Re: [program-l] memory management

Hi Ty --
There are several ways you could handle this -- I tend to prefer keeping the MM 
information in a separate data structure that points into your allocatable 
memory, rather than putting used or not-used flags in the blocks of memory 
themselves -- the reason being that if the programmers happen to overwrite the 
system info -- for example, writing out of bounds on an array, you may never 
know what hit you, so to speak.  Also, if you need several of your blocks to be 
contiguous, what will you do with the system information cookie at the start or 
end of your allocated blocks?
No, there is no simple way to handle memory management.  But the code isn't all 
that difficult to understand.
I wrote a little OO library in C++ that managed memory for a linker, and it was 
quite manageable.

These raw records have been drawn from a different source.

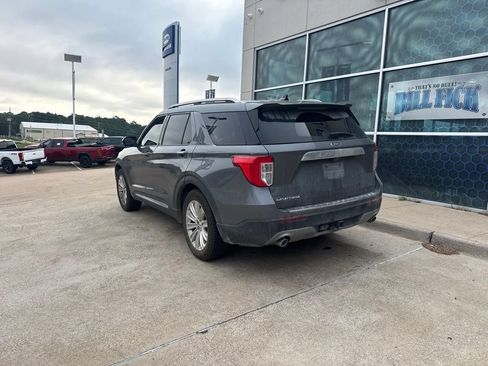 Used 2023 Ford Explorer Limited w/ Limited Technology Package RWD image 5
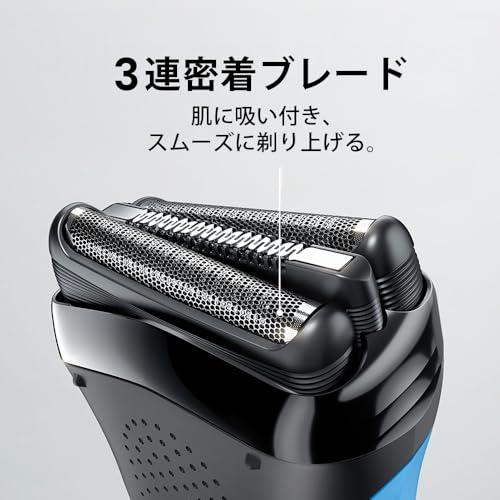 ブラウン 電気シェーバー シリーズ3 電動 髭剃り メンズ 3010s 3枚刃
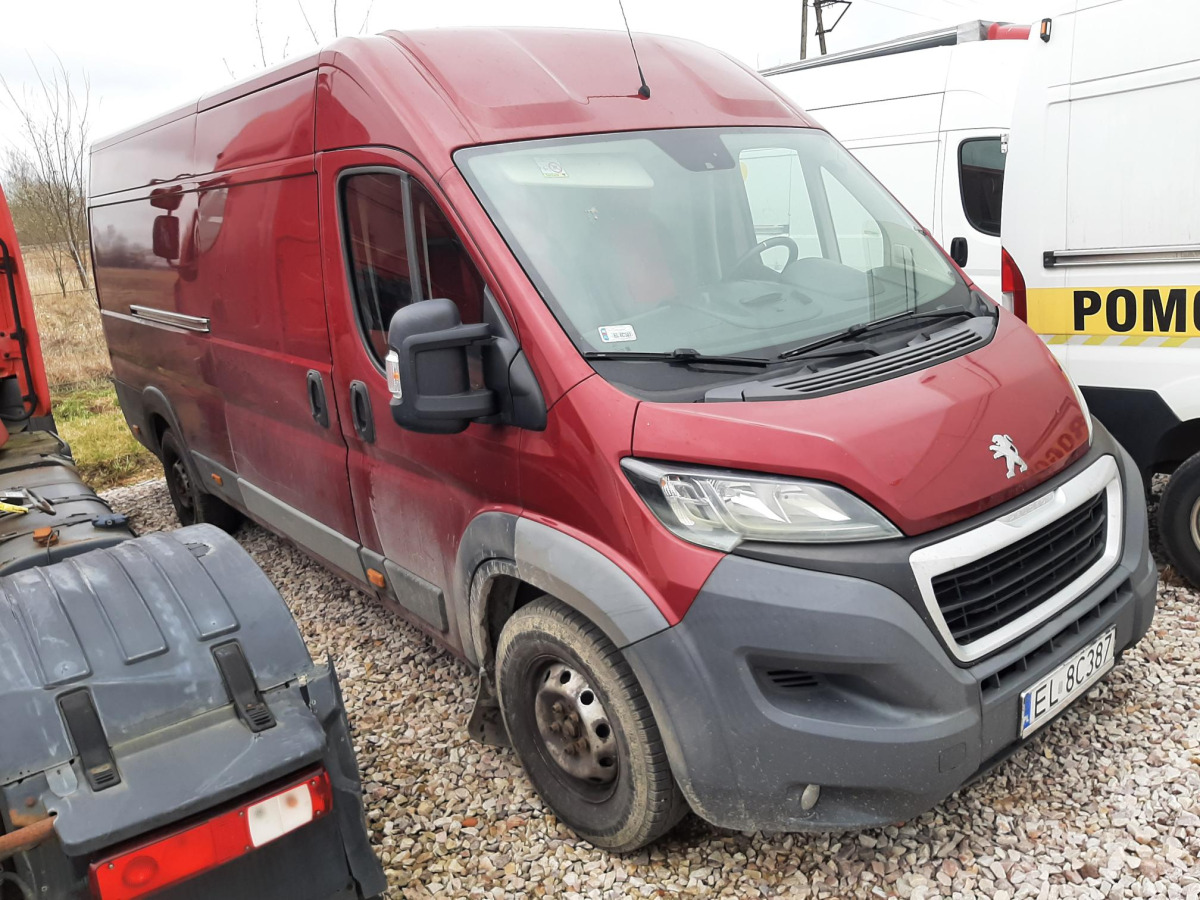 PEUGEOT BOXER FURGON BLASZAK - Panel van: picture 1 PEUGEOT BOXER FURGON BLASZAK - Panel van: picture 1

It contained a linked list of pointers into consecutive 
intervals of memory -- that is, the pointers in the list were of increasing 
value, and each record contained the number of bytes in that interval.  Then if 
I needed an interval of memory, I would search through the available intervals 
and find a best fit. And when I freed memory, I would insert the freed interval 
back into the list, and if it was adjacent to the free interval before it or 
after it, I would merge them into one big interval.
Searching the fragments sounds like it would be time consuming, but it is a 
relatively brief operation that doesn't get invoked that often.
Let me know if you have a question. I don't have the code for that old linker, 
but writing it or a better one yourself would be a good exercise.
Happy hacking.
--le


  ----- Original Message ----- 
  From: Tyler Littlefield 
  To: programmingblind@xxxxxxxxxxxxx 
  Sent: Sunday, April 12, 2009 10:29 AM
  Subject: [program-l] memory management


  Hello list,
  I'm working on building a kernel from scratch (just for something to do, I'm 
learning quite a lot out of it), and have a question.
  I was thinking about how I'm going to implament the MM (memory manager).
  I had an idea of making blocks of memory available, putting a used or unused 
flag on them for now. each block would be of set size, and I could have a 
lookup table of sorts.
  My other idea was to make them all hold pointers to the next block of data.
  Now, I'm seeing issues with both problems.
  If I keep a list of reserved memory, and add a structure to the end of the 
list when a new chunk of memory is requested, that works great. But then we 
have the issue of memory getting destroyed in the middle.
  If someone requests a 1KB block and someone else requests 512 and then frees 
it, I can delete that and mark that memory as unused; my issue is this.
  Eventually my memory is going to be split up enough that it will require I 
"compact" it to fill in those gaps, which would break any code referencing that 
memory.
  Is there an easier way to do this?


  Thanks,
  Tyler Littlefield
  Web: tysdomain.com
  email: tyler@xxxxxxxxxxxxx
  My programs don't have bugs, they're called randomly added features.